This piece provides an apt illustration of the phenomenon that one can find in nearly every culture, in every era, a group of people who firmly believe that their civilization once experienced a golden age in which social conditions were much better (if not perfect), and modern society is an increasingly worsening corruption of that arcadian past. The trend continues today, as we commonly see responses to social, political, or economic issues that attempt to contrast the present with earlier eras, to hearken back to times when such problems were significantly amerliorated or simply did not exist.

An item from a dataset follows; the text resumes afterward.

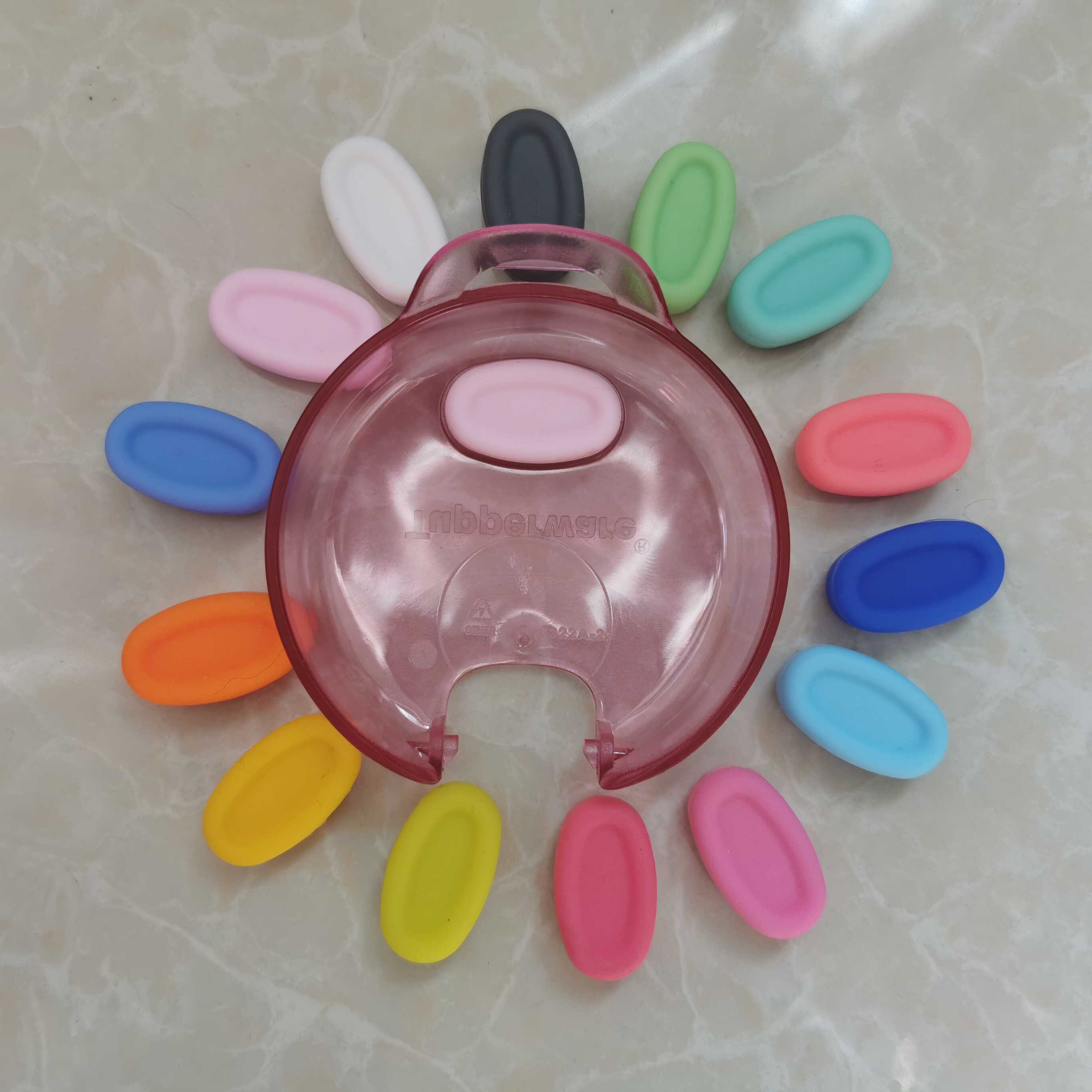 特百惠晶彩水杯配件400ml原装正品杯盖塞子防漏塞硅胶配件胶垫塞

Generally such reactions don't ring true, referring not to the way things really used to be, but to idealized, mythical visions of the past couched in absolute terms. So it is with this letter, which attempts to contrast the "modern immigrant" with immigrants of a century ago, finding the former sadly lacking by comparison. As usual, it references a black-and-white past that never existed. Yes, many of the immigrants who streamed through Ellis Island into the United States around the turn of the century worked hard, obeyed the laws, did their best to learn English (and otherwise become assimiliated into American culture), raised children who willingly took up arms to defend their adoptive country in times of crisis, and made their way in the world (and perhaps even prospered) with little or no help from the government or anyone outside their immediate families and circles of acquaintances. However, plenty of immigrants in that same era did _not_ fit that mold, such as those who:
* Resorted to scams, petty theft, and all sorts of other crimes to get by, or simply resumed the same kinds of criminal activities they'd been perpetrating in their homelands, sometimes on large, organized scales (e.g., the Italian mafia, Chinese triads).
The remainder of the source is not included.